BEGIN DATASET RECORDS

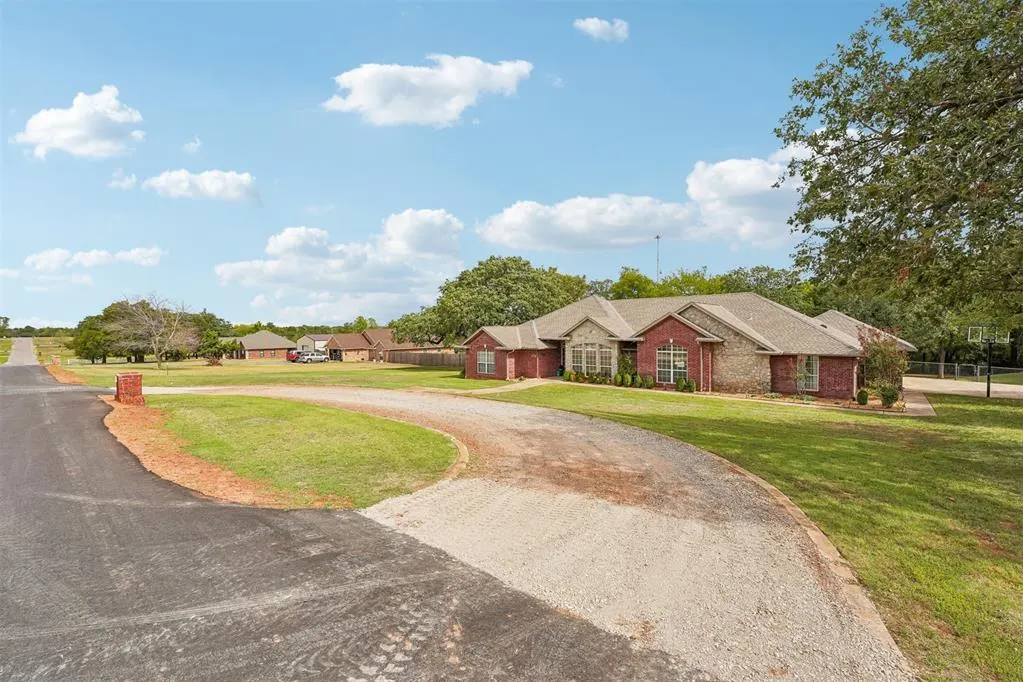 Photo 44 — 812 Summer Oaks Drive, Blanchard, OK 73010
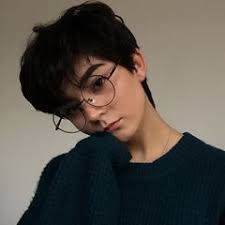 Jeslennys On Instagram Who S This Aesthetic Aesthetictum Short Hair Styles Androgynous Hair Short Grunge Hair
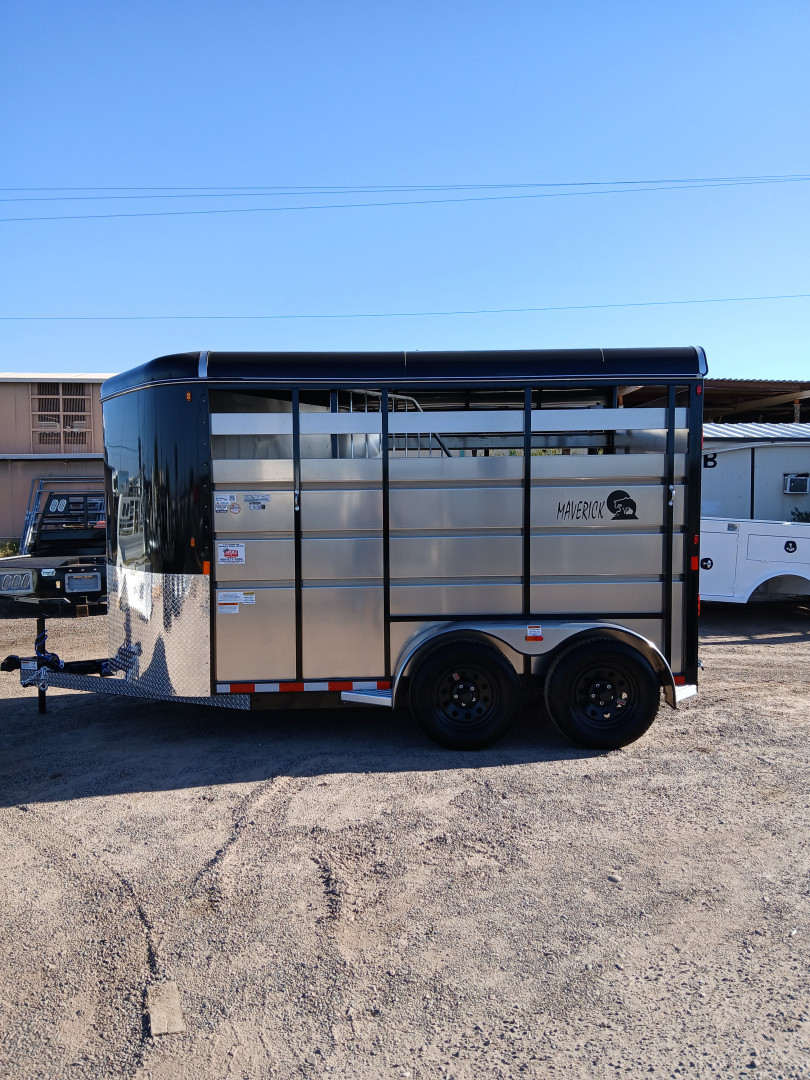 New 2026 Maverick Trailers 2H BP 13' Horse Trailer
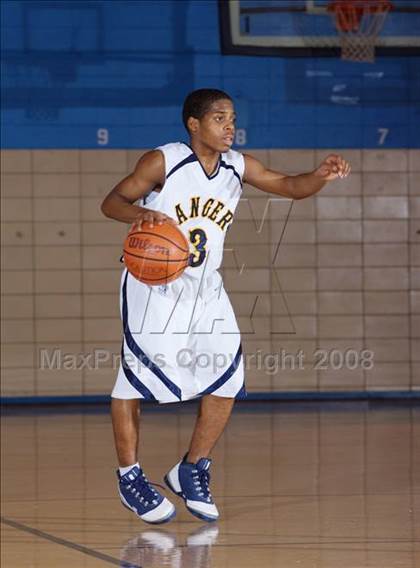 Thumbnail 3 in Forest Hills vs Canarsie (Queens Jam Christmas Classic) photogallery.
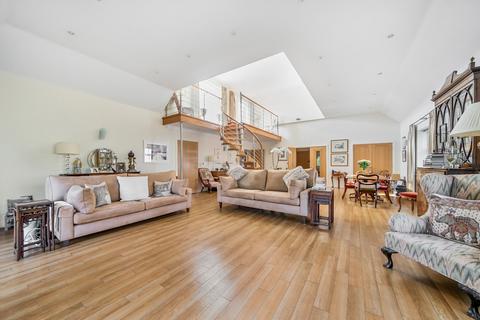 undefined, Overbury Avenue, Beckenham, BR3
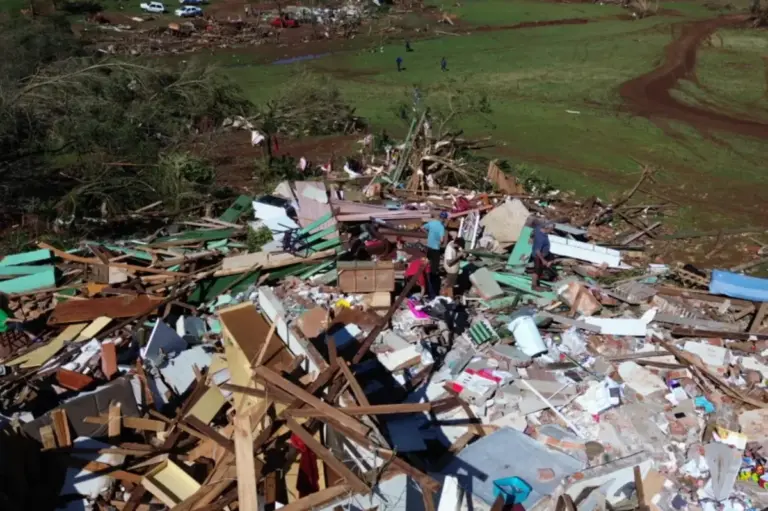 Após perder casa em tornado, família de Giruá vira alvo de golpes e saques - Studio TV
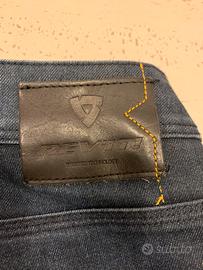 Jeans Revit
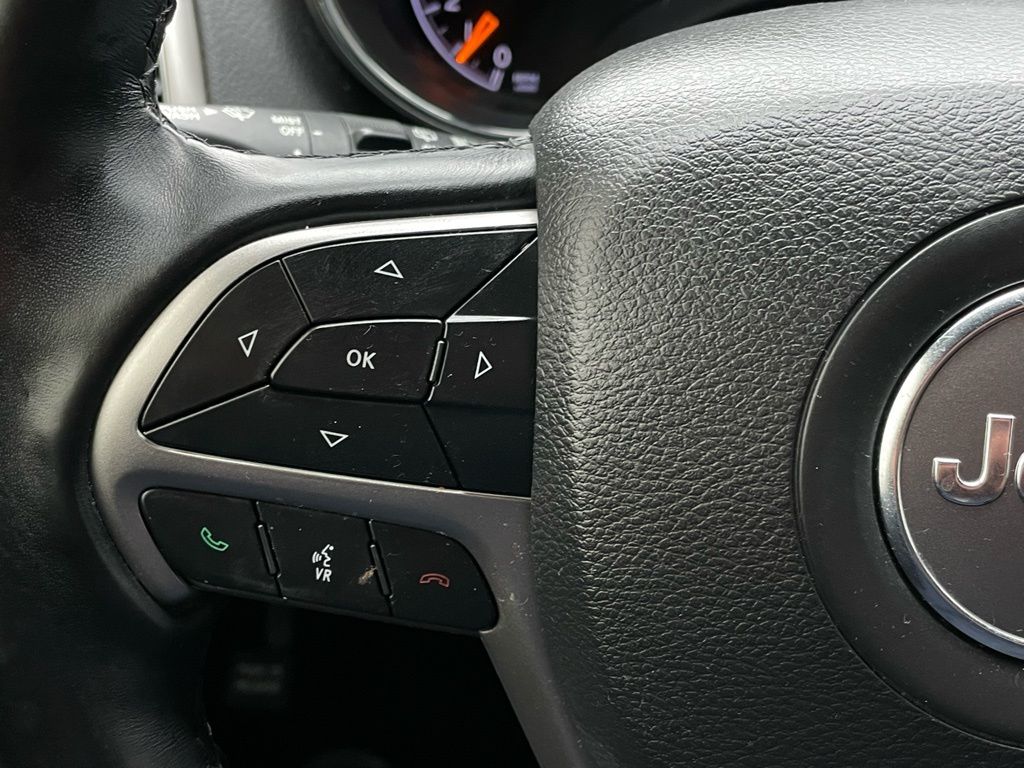 Thumbnail: 2021 Jeep Grand Cherokee - 14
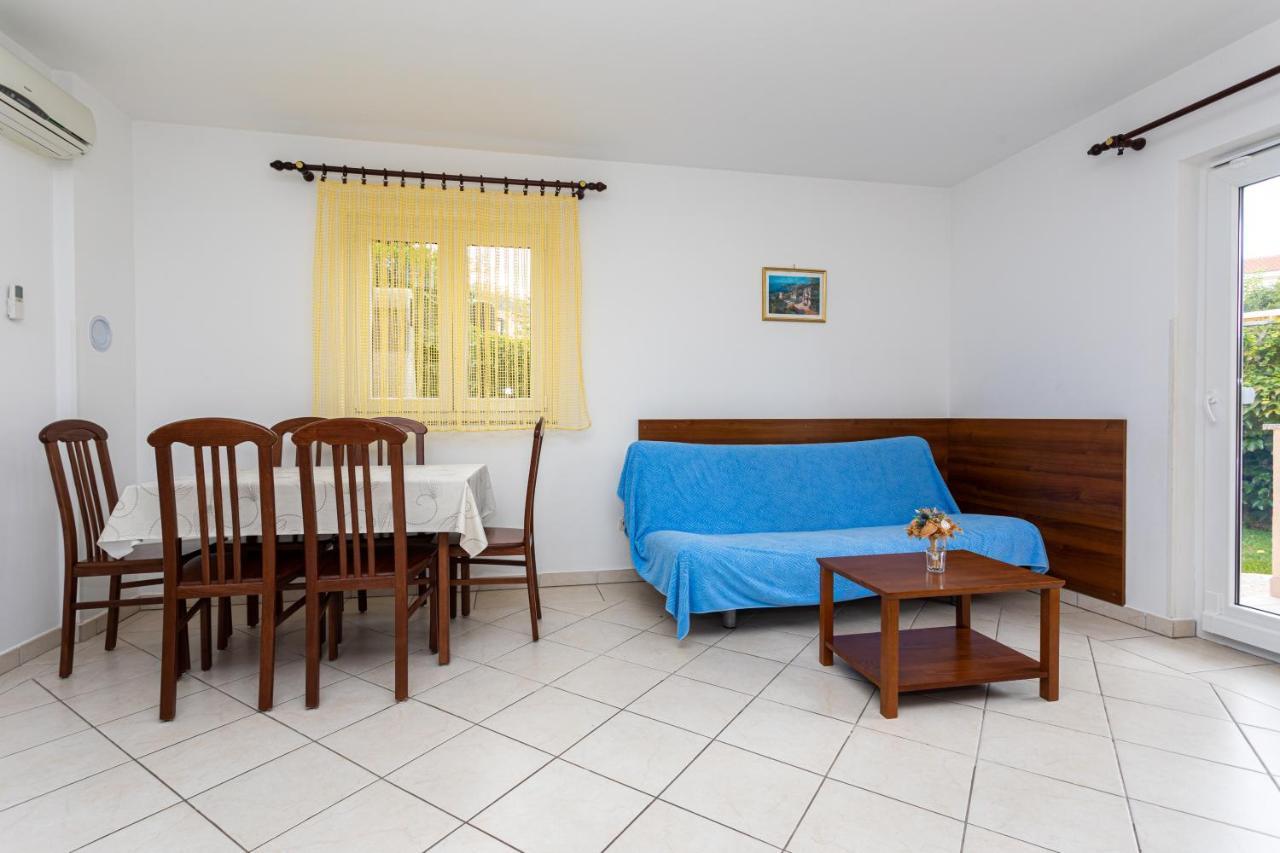 Apartments Crnekovic IV Baska  Exterior photo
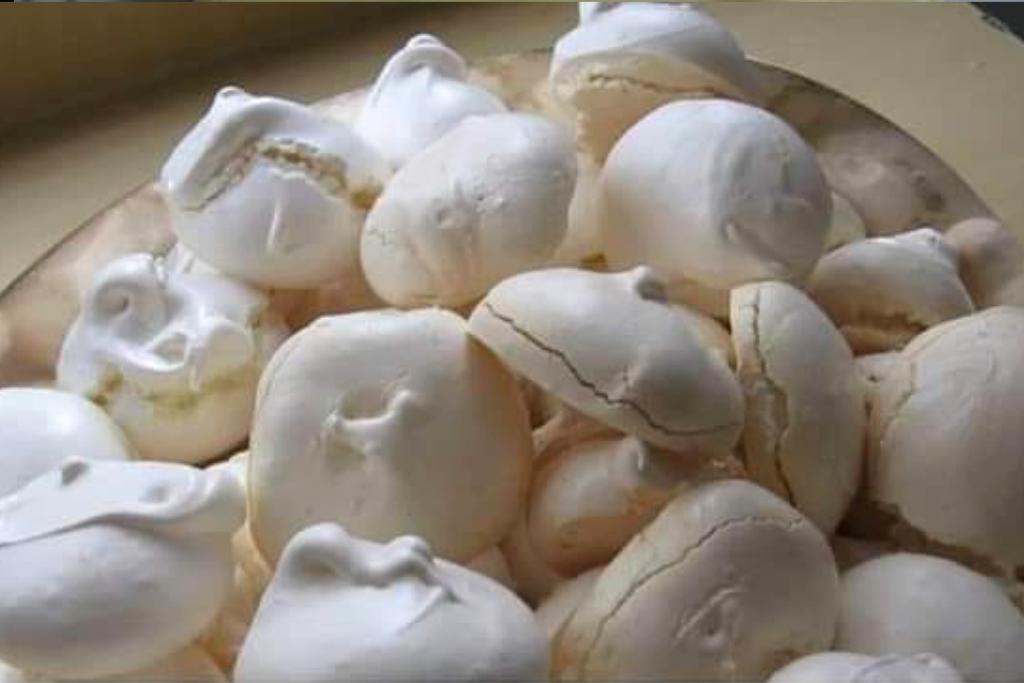 Suspiro caseiro fácil de fazer os ingredientes tem ai na sua casa Suspiro caseiro fácil de fazer os ingredientes tem ai na sua casa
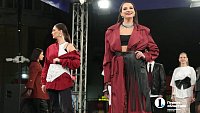 В Челябинске прошел зрелищный и яркий фестиваль «Парад моды на Кировке»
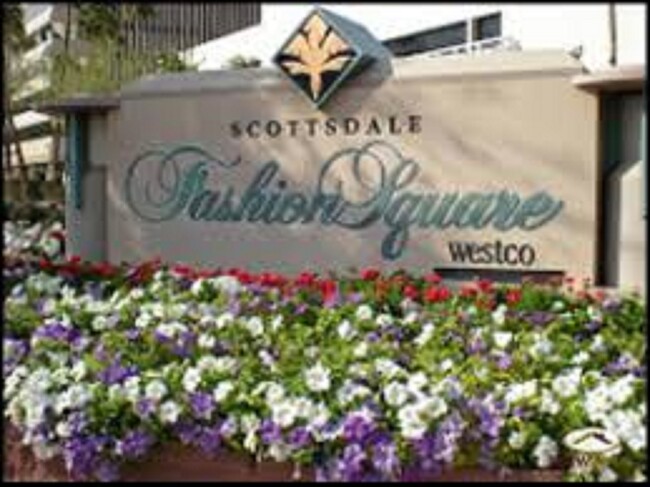 Walk across the street to fashion square mall, with amazing shops and restaurants! - 4701 N 68th St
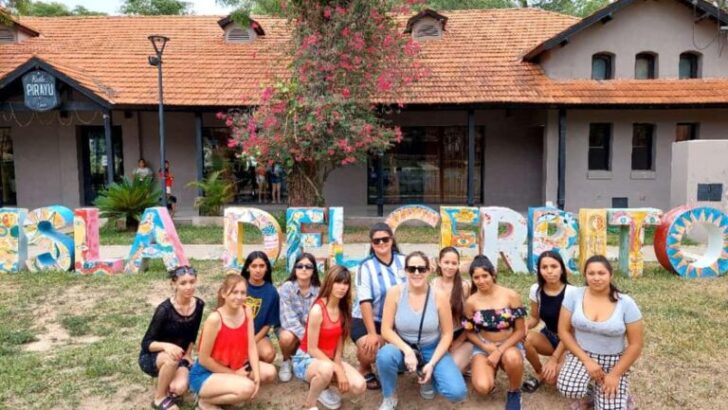 En la Isla del Cerrito, jóvenes sáenzpeñenses disfrutaron su viaje de egresados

END DATASET RECORDS

WHAT IS REQUIRED: From the first line of the entries above down to the line holding "undefined, Overbury Avenue, Beckenham, BR3", quote each line exactly and nothing else, skipping pictures.

EXERCISE RESPONSE:
 Photo 44 — 812 Summer Oaks Drive, Blanchard, OK 73010
 Jeslennys On Instagram Who S This Aesthetic Aesthetictum Short Hair Styles Androgynous Hair Short Grunge Hair
 New 2026 Maverick Trailers 2H BP 13' Horse Trailer
 Thumbnail 3 in Forest Hills vs Canarsie (Queens Jam Christmas Classic) photogallery.
 undefined, Overbury Avenue, Beckenham, BR3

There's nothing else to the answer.